Post
Topic
Board Development & Technical Discussion
Re: What if I owned 1.234;567;89 BTC instead of 1.23456789 BTC?
by
GOB
on 01/10/2013, 17:27:22 UTC
why choose 3 as a place for seperators....why not one after 4 places as in 1.2345,6789

much easier IMO although I prefer none

on that note ,realize that in usd , the value to make  the last digit worth even a cent has to surpass

drumroll...1 mil !

a dime       "      0.1         "    "    "      "            (at startup)
1 usd                0.01                                      (few tears ago)
10 usd              0.001                                    (recently)
100usd renders 0.0001 equal to one cent         (currently)
1,000usd          0.00001                                 (possibly)
10,000usd        0.000001                                not likely
100,000usd      0.0000001                              dollar died by this time
1million usd      0.0000,0001                           no contest- btc declared world currency

therefore anyone betting in the last four digits are joking around wasting time or expecting future winnings to be  worth  a few thousand dollars if the last scenario happens. betting at the fifth level and waiting for economic armegeddon might be worth it   but most likley no one w food gives a rats ass about btc and people are knifing each other for that to happen!

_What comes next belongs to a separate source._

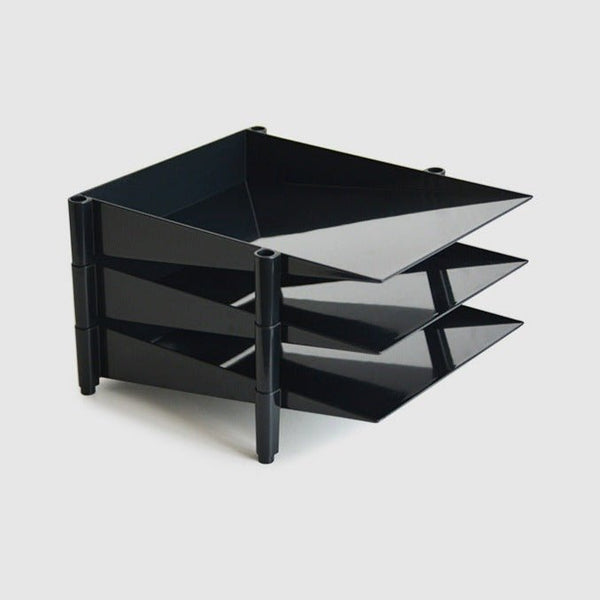 Three Layers File Organiser - Organiser - Delicors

btw is that an android v 20 you've got there (stab,stab!)

Please note that my point here isn't that this is necessary because we're going to 1BTC=$1 million soon. Rather, my point is that we, as bitcoiners, are dealing with numbers with 8 decimal places on a regular basis now, for a variety of reasons. Perhaps there is no tradition for thousandths  separators as there is for thousands separators because there simply hasn't been much of need for it till now.

I'll give you one example that I run into every day: betting on Just-Dice. Which is bet is larger? 0.0000120 or 0.00000875? I know you can count the zeros, but it wasn't obvious at first glance, was it? Now look at the column of bets on just dice. True, a bet of a couple hundred satoshi is just as insignificant in dollars as a bet of a few thousand satoshi, but one is 10x the other. If you're running a bot to martingale (for example), slipping up on one zero can make a world of difference.

This is the very reason we have thousands separators: it makes it easier to identify numbers with a quick glance (what's larger? 23402455945 or 6942382230? What if I asked like this: 23,402,455,945 or 6,942,382,230?)